(Short text fragments from websites)
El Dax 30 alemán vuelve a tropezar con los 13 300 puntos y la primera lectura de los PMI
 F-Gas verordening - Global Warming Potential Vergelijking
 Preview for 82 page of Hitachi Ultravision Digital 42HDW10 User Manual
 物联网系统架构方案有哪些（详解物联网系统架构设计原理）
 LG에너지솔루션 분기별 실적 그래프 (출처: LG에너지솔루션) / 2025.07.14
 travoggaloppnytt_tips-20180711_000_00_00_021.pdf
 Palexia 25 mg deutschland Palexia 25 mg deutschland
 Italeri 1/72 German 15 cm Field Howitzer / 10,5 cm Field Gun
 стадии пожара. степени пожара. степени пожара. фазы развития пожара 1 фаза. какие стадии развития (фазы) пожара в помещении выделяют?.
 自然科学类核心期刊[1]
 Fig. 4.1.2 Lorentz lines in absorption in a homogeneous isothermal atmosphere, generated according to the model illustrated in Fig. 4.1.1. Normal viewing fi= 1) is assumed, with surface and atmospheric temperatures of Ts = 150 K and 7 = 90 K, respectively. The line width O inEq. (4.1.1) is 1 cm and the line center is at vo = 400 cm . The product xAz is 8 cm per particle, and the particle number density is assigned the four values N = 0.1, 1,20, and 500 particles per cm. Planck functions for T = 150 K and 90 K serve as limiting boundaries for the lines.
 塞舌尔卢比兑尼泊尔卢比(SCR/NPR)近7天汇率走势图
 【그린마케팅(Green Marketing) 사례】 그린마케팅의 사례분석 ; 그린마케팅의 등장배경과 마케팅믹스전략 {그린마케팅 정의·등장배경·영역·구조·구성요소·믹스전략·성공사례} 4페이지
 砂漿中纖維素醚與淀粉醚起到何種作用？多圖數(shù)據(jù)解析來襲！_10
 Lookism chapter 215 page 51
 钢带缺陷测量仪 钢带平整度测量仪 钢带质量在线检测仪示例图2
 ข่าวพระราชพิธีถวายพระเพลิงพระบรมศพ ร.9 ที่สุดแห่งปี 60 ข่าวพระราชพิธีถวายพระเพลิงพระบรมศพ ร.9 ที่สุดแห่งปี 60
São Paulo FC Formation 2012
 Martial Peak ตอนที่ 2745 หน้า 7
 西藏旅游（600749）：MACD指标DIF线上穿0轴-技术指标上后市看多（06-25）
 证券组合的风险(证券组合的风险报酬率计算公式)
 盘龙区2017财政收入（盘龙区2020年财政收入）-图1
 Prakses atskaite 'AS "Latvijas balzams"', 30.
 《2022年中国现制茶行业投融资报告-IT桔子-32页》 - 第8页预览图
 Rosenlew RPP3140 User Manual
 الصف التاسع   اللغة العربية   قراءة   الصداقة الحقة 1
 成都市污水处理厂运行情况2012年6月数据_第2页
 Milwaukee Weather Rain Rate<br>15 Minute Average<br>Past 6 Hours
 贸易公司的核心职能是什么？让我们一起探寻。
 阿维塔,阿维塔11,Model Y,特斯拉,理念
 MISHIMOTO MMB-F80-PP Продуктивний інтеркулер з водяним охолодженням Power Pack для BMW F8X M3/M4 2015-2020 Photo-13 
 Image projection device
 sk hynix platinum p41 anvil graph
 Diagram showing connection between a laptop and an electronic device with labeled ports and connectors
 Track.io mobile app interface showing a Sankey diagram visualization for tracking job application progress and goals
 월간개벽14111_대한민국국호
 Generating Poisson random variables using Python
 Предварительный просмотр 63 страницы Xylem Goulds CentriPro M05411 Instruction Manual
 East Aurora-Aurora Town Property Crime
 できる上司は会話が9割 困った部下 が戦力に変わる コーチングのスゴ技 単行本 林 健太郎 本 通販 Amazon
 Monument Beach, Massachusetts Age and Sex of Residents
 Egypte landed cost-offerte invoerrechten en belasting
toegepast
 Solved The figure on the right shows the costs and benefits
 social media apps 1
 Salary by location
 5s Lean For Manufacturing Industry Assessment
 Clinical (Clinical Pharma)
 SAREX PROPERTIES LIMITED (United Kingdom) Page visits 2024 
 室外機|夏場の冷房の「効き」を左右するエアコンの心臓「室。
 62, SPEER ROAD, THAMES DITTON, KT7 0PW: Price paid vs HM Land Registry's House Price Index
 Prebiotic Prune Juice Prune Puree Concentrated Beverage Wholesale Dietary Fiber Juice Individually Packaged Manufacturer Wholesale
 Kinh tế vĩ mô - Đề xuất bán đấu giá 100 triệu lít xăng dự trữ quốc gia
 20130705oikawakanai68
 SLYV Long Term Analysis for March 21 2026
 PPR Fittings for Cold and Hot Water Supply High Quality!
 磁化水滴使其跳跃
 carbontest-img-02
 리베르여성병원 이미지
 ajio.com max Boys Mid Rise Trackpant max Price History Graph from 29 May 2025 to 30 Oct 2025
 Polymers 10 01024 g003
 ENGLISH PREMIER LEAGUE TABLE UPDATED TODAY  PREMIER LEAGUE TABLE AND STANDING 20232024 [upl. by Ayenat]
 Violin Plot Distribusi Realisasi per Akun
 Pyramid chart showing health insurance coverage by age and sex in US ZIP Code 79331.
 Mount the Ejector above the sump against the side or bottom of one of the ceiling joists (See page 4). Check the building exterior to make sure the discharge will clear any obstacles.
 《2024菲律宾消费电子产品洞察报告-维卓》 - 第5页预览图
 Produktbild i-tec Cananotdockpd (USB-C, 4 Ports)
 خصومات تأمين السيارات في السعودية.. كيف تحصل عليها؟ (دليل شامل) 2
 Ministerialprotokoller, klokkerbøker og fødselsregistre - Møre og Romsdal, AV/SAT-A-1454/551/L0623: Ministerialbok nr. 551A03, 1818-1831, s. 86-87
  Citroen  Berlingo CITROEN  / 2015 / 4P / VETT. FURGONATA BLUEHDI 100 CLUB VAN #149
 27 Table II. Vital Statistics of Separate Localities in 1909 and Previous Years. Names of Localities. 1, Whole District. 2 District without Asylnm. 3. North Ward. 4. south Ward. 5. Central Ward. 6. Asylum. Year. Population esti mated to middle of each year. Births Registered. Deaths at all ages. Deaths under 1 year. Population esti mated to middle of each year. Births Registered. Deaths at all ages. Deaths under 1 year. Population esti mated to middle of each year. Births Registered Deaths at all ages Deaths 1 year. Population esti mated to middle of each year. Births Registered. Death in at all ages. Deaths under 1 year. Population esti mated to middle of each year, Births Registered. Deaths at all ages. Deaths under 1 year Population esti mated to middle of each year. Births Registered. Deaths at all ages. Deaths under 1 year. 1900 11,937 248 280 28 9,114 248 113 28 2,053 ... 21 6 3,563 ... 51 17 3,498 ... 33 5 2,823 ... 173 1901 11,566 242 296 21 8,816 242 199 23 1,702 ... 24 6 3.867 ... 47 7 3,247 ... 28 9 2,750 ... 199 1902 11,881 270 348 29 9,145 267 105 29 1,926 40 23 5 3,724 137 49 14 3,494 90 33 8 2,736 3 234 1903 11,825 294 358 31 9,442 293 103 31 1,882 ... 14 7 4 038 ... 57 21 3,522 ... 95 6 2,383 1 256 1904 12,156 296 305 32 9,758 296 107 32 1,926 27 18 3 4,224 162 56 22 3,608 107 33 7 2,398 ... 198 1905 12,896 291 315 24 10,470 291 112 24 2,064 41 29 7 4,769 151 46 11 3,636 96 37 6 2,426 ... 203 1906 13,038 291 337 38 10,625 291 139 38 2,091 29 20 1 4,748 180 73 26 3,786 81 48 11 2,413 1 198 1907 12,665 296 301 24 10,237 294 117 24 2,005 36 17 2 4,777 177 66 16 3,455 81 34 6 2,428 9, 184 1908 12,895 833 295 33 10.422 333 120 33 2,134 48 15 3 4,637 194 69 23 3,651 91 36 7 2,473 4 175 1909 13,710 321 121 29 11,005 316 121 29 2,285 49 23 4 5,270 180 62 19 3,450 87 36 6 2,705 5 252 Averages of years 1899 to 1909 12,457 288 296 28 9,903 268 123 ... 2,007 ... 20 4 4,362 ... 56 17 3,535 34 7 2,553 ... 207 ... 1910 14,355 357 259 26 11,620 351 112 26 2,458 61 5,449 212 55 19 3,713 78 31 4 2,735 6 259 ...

TASK REQUIREMENTS → Write out the records above exactly, from the opening line to the line with "物联网系统架构方案有哪些（详解物联网系统架构设计原理）", including both, with nothing added.

OUTPUT FOR THIS EXERCISE →
El Dax 30 alemán vuelve a tropezar con los 13 300 puntos y la primera lectura de los PMI
 F-Gas verordening - Global Warming Potential Vergelijking
 Preview for 82 page of Hitachi Ultravision Digital 42HDW10 User Manual
 物联网系统架构方案有哪些（详解物联网系统架构设计原理）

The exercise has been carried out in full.